Pas une de plus
Allez chercher pourquoi cette année, l’automne me fait plaisir. J’y trouve un parfum de rentrée des classes, un regain de rencontres nouvelles et de combats nouveaux. Cette année, la pluie ne me gêne pas. Et si les premiers froids s’attaquent au bout de mon nez, ils ont déjà su tapisser les sous-bois des feuilles dorées au chant métallique que soulèvent nos songeries bucoliques. Un vent nouveau se lève, ne sentez-vous pas ? Dans le monde, des révoltes grondent. Des gens prennent la rue par ici et déjà, par-là, certains prennent les armes. Ils meurent pour leurs droits. Les pouvoirs vacillent. Les grands de ce monde s’interrogent et même certains se fâchent, contraints qu’ils sont de démasquer leurs cruautés abominables au grand jour médiatique.

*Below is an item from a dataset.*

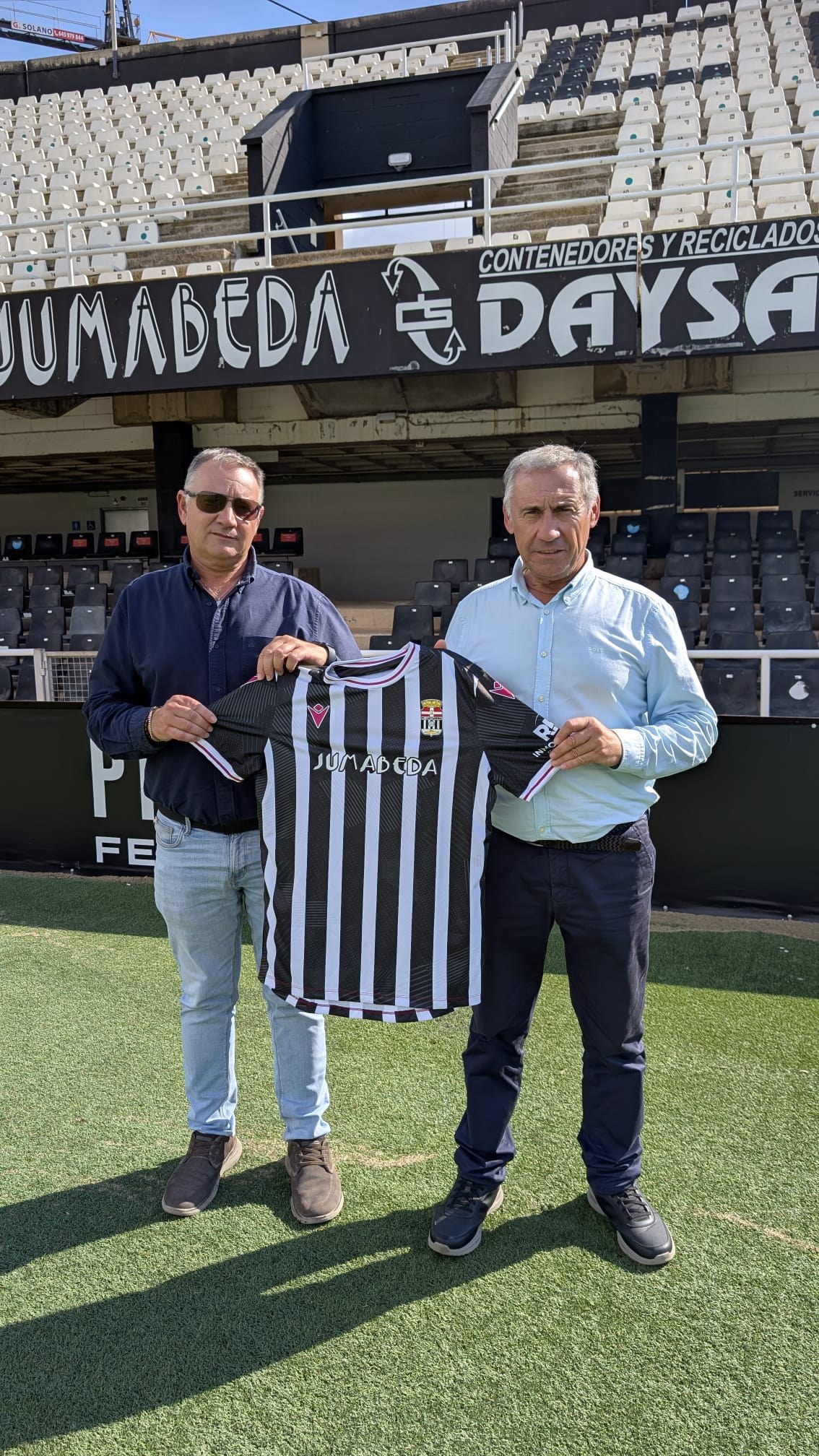 Presentación de la camiseta del FC Cartagena Genuine con el patrocinio de Jumabeda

Chez nous, nos gilets jaunes, fronts bas, slogans butés, se font éborgner pour des prunes, mais gardent l’initiative, sinon le haut du pavé. Nos policiers épuisés et honteux enragent de jouer les bisons brutaux, pas fûtés pour un sou. Le désespoir grignote toujours le cerveau des petites filles et des petits garçons que les nuits en famille font vomir de terreur. Celles qui meurent de froid dans les encoignures sales de nos couloirs d’immeuble, ceux qui meurent de rage aux pieds des barbelés européens pour avoir voulu voir nos vitrines de Noël, celles qui meurent sous les coups virils de leurs tueurs de pavillon de banlieue, ceux-là, celles-là ont toujours le même désespoir rance quel que soit la saison. Mais nous, avant l’hiver, avant la grande bouffe des fêtes, avant le grand shoot de drogue de Noël, avant la grande soulerie qui fait qu’on oublie qu’ils vont encore se faire des pelotes en or sur notre dos, Nous Toutes et nous tous, nous allons leur montrer de quel bois, de quel gasoil, de quel pétrole, on se chauffe. On va relever la tête, même si elle reste lourde du désespoir des oubliées. Nous Toutes, nous nous battrons, chacune à sa manière, avec nos petites armes méprisables de victimes. Nous Toutes, nous nous réchaufferons à nos regards de rage, si on a encore nos yeux pour voir, nous irons à la force de nos jambes, si elles nous portent encore, dans l’enthousiasme de nos chants, si on a encore la voix, mais surtout dans la puissance de nos larmes de rage et de joie qu’on partagera… Eux, ils recevront nos cris tels des crachats. Ils nous regarderont du haut des grandes fenêtres éclairées de leurs salons cossus, aux rideaux à demi tirés sur la rue. Ils nous regarderont avec mépris. Ils ricaneront en se servant un verre. Rien ne paraît encore faire trembler leur univers. Mais Nous Toutes, nous savons qu’ils ont perdu.